Problem to solve —
The task calls for the lines from the start of the entries below through the line with "A&C Traditions Stunning", given again verbatim, with every picture dropped.

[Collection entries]

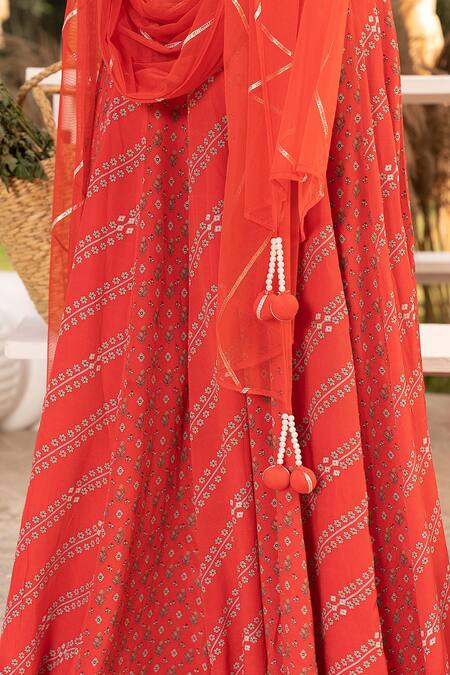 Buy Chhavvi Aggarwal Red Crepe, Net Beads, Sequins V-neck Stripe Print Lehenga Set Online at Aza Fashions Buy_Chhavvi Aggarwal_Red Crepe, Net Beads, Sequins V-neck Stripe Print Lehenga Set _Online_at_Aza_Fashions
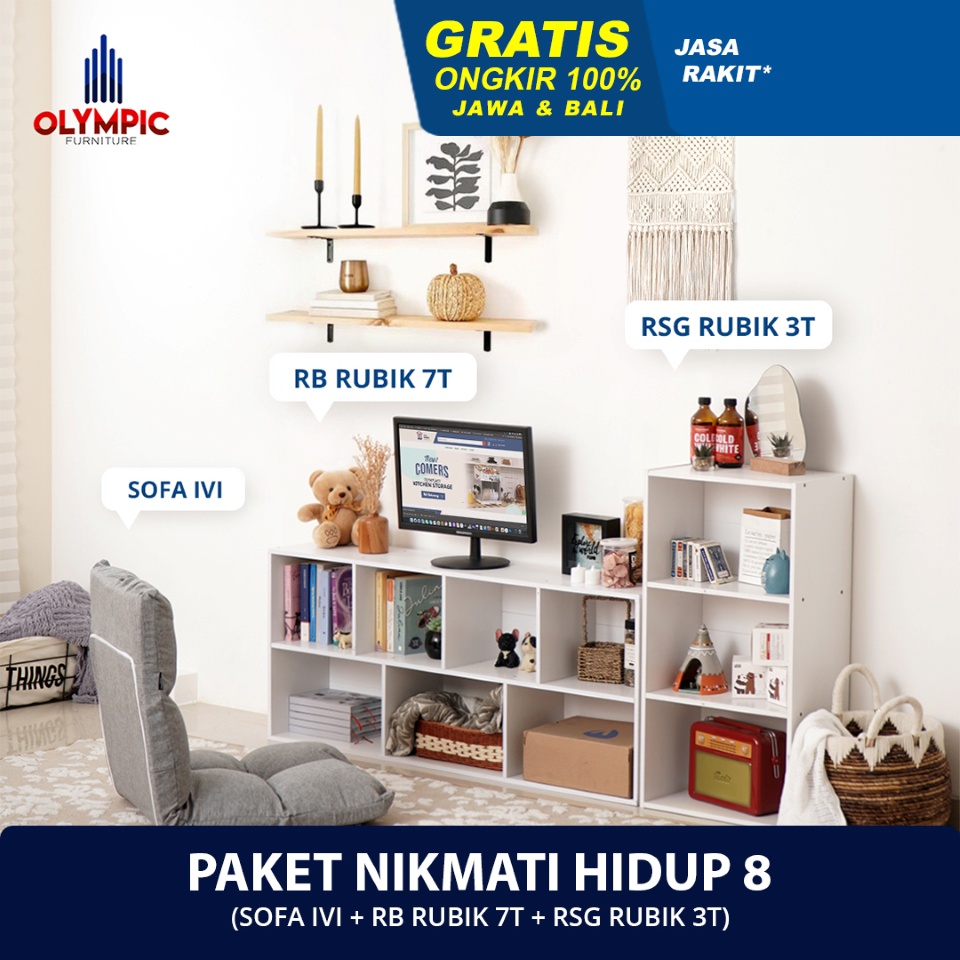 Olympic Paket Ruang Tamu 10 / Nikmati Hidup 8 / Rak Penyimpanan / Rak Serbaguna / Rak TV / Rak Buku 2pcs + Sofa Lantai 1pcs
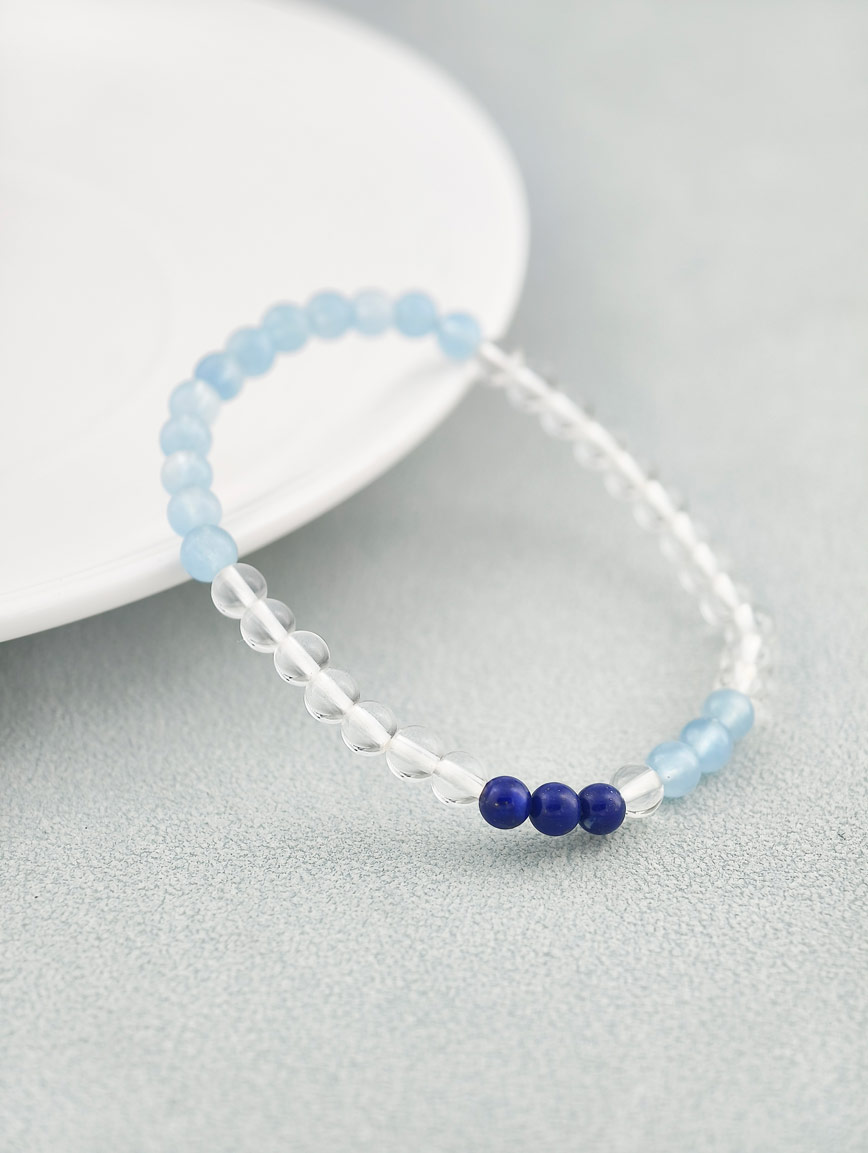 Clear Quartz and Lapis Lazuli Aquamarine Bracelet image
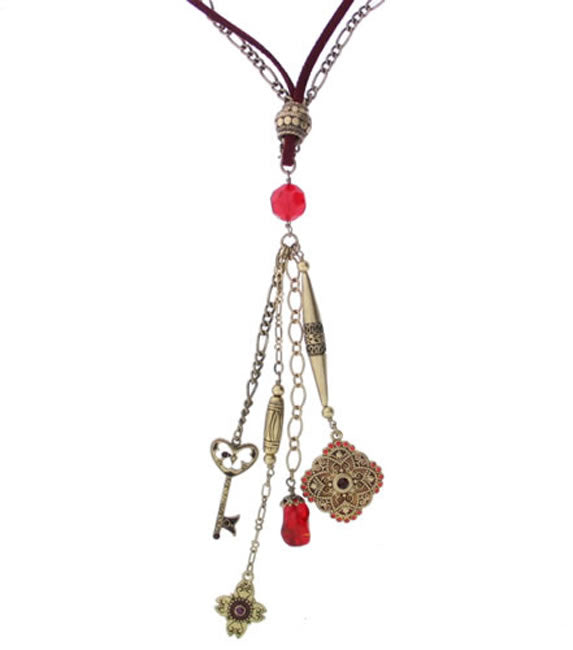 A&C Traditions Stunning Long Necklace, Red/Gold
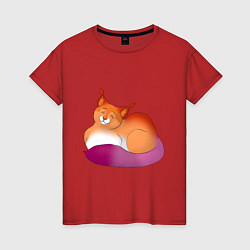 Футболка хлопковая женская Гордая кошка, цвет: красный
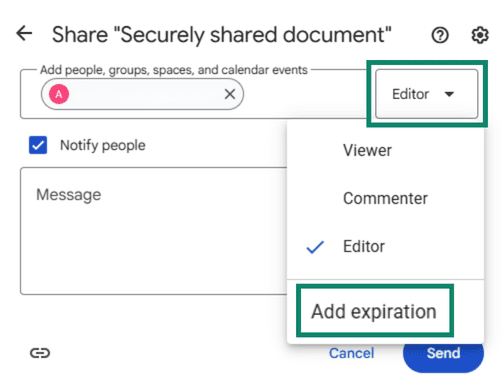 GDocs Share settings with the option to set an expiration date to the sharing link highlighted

Reply —
 Buy Chhavvi Aggarwal Red Crepe, Net Beads, Sequins V-neck Stripe Print Lehenga Set Online at Aza Fashions Buy_Chhavvi Aggarwal_Red Crepe, Net Beads, Sequins V-neck Stripe Print Lehenga Set _Online_at_Aza_Fashions
 Olympic Paket Ruang Tamu 10 / Nikmati Hidup 8 / Rak Penyimpanan / Rak Serbaguna / Rak TV / Rak Buku 2pcs + Sofa Lantai 1pcs
 Clear Quartz and Lapis Lazuli Aquamarine Bracelet image
 A&C Traditions Stunning Long Necklace, Red/Gold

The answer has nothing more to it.